Frank Mariaggi was an innovative man and a successful one. He made a fortune in land dealings in Winnipeg and Port Arthur and then moved back to Corsica in 1908. He purchased his father’s estate and restored it and was named the mayor of the local village. He died in 1918. 

Today there is a new Mariaggi Hotel in the very same building where the old one was located. During Winnipeg’s Doors Open event last month I took a tour.

Owner Don Laluk told us the hotel is a theme hotel. Each room is decorated to look like a certain part of the world– Morocco, Japan, Rome, India, Hawaii, Bali and the Caribbean. The rooms rent from $245 a night to $600 a night. Each room is completely different. Although 80% of the hotel’s clients are Winnipeg people looking for a unique experience they also have guests from Europe and from all over North America. 

In February 2012 CBC News reported that the Mariaggi had won a Trip Advisor award for being one of the ten most romantic hotels in the world.  Although that certainly sounds promising, the sixteen comments posted beneath the news item resoundingly denounced the Mariaggi for many things including poor service, poor ventilation, paper-thin walls, pushy staff and having to pay extra to have the Jacuzzi filled.

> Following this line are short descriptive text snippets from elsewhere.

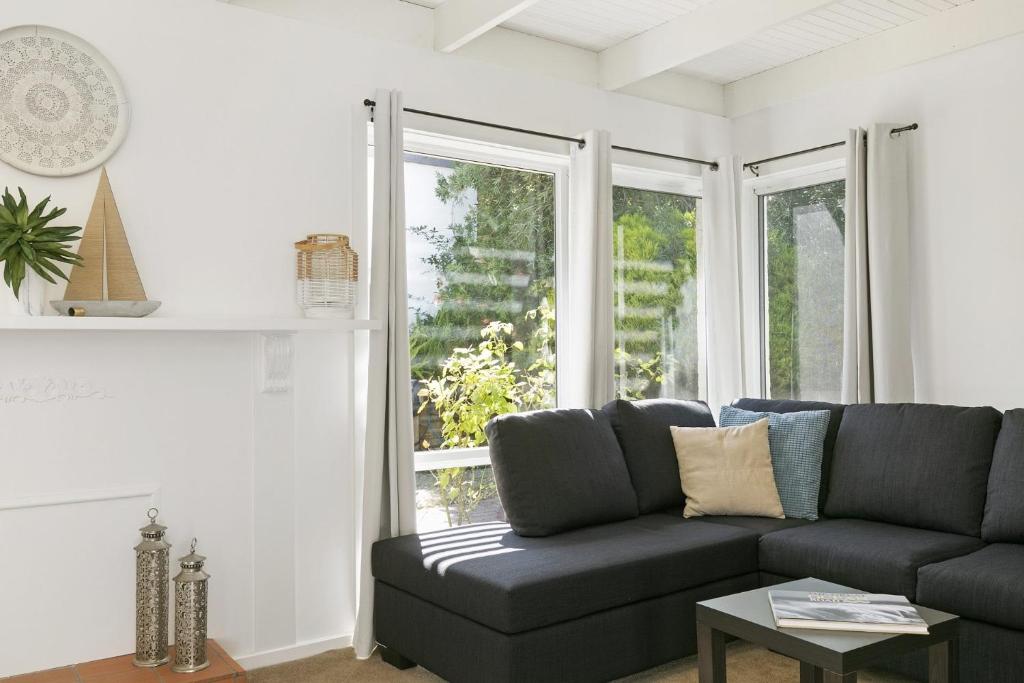 uma sala de estar com um sofá e uma janela em Mysa Anglesea Sleeps 7 WiFi Netflix Cafes Shops em Anglesea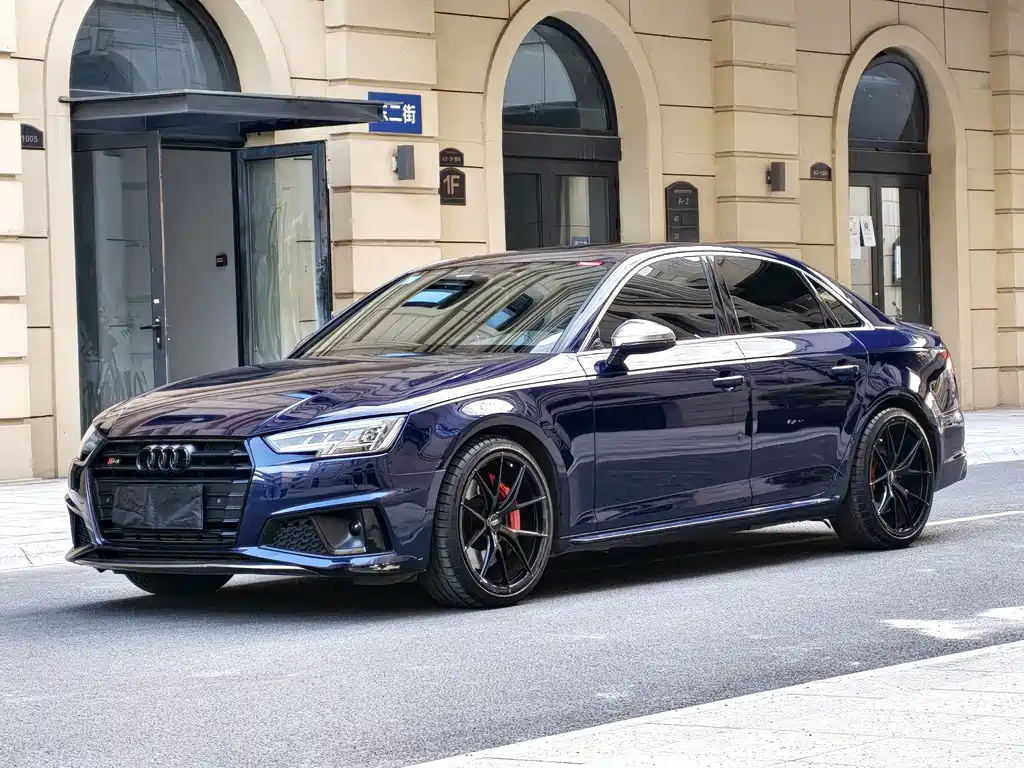 Audi S4 2019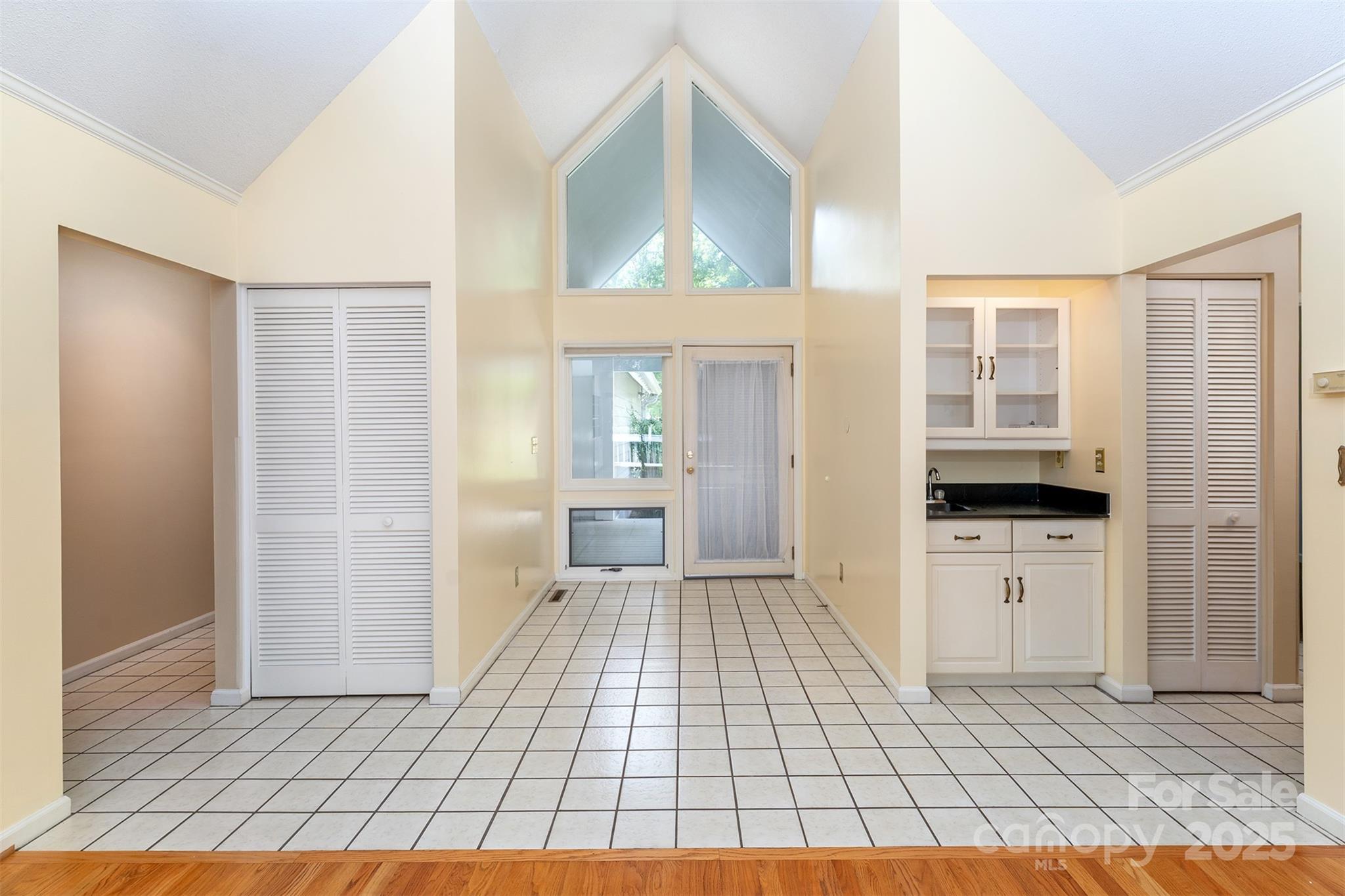 144 Overlook Drive — Flat Rock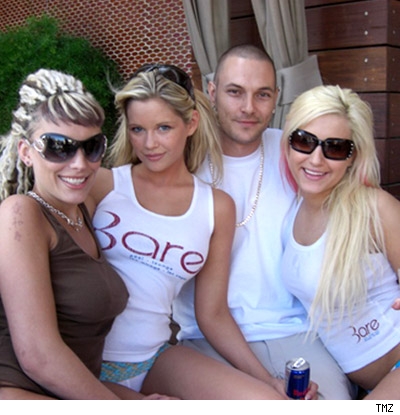 Kevin Federline and groupies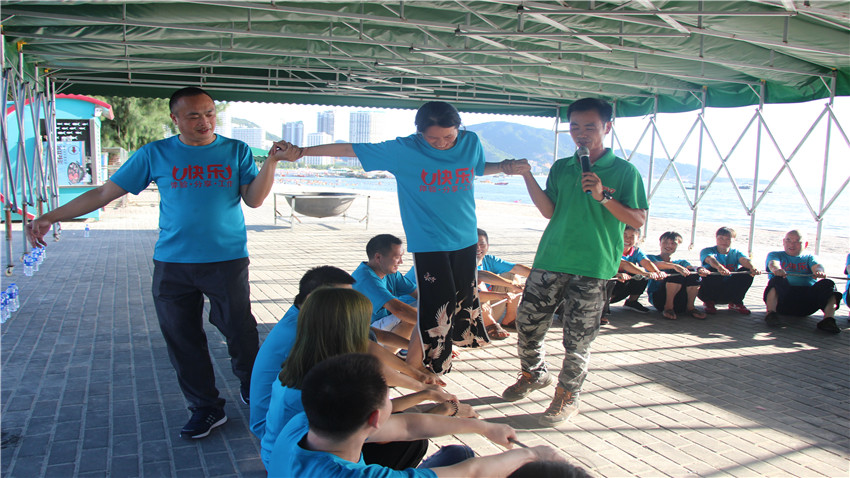 惠州市思賢實業(yè)有限公司在巽寮灣海公園拓展基地舉辦拓展培訓活動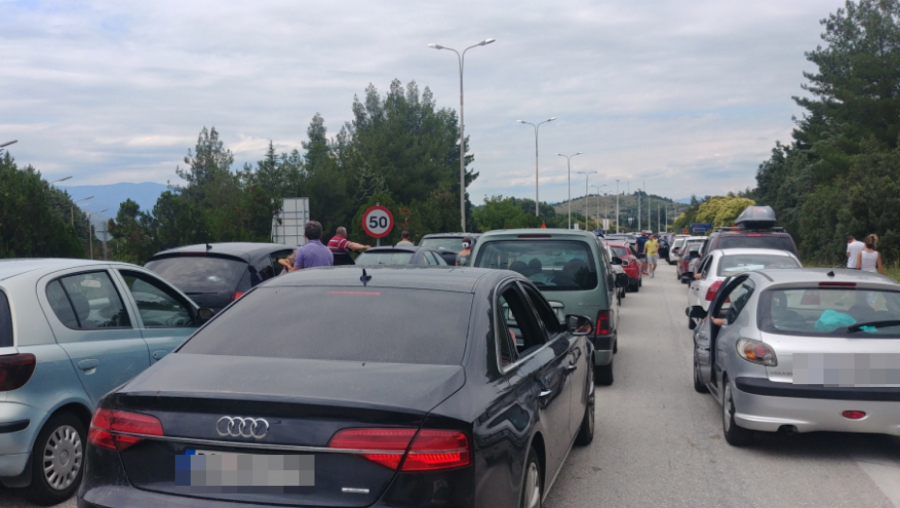 NEPREGLEDNA KOLONA NA GRANICI Ko ide u Grčku na more ili se vraća u Srbiju, neka ne ide ovim putem, stravične su gužve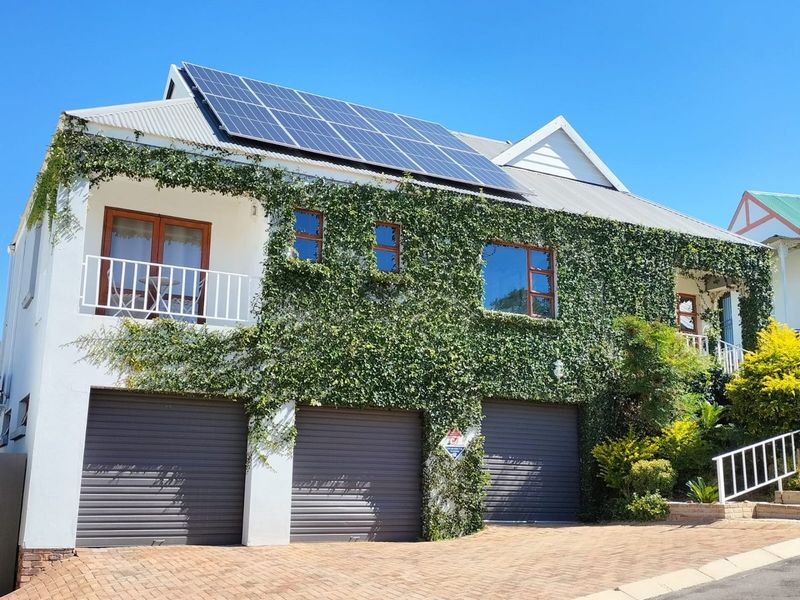 Luxurious 4 Bedroom townhouse For Sale.! - Photo 2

However on the Trip Advisor site there are 147 reviews and virtually all of them are positive. So I guess you have to visit the hotel and find out for yourself. All the rooms have hot tubs, big screen TV’s and fireplaces. Meal service and spa service is available at an extra cost.

I had walked by the Mariaggi Hotel many times and wondered what it was like inside. I’m glad the Doors Open Winnipeg event afforded me a peek at the interior. 

Now that I’ve seen the hotel, I don’t really need to stay there. My curiosity has been satisfied.  The old photos displayed on the walls inside the hotel which I spotted on my tour, inspired me to do some research about the Mariaggi’s history and it was interesting to learn about Frank Mariaggi and the first Mariaggi Hotel. 

If you enjoyed this blog post you might want to read………

Winnipeg Free Press News Cafe

Winnipeg’ Millenium Centre- Haunted by Ghosts

We’re Living in a Piece of History

Information for this article came from………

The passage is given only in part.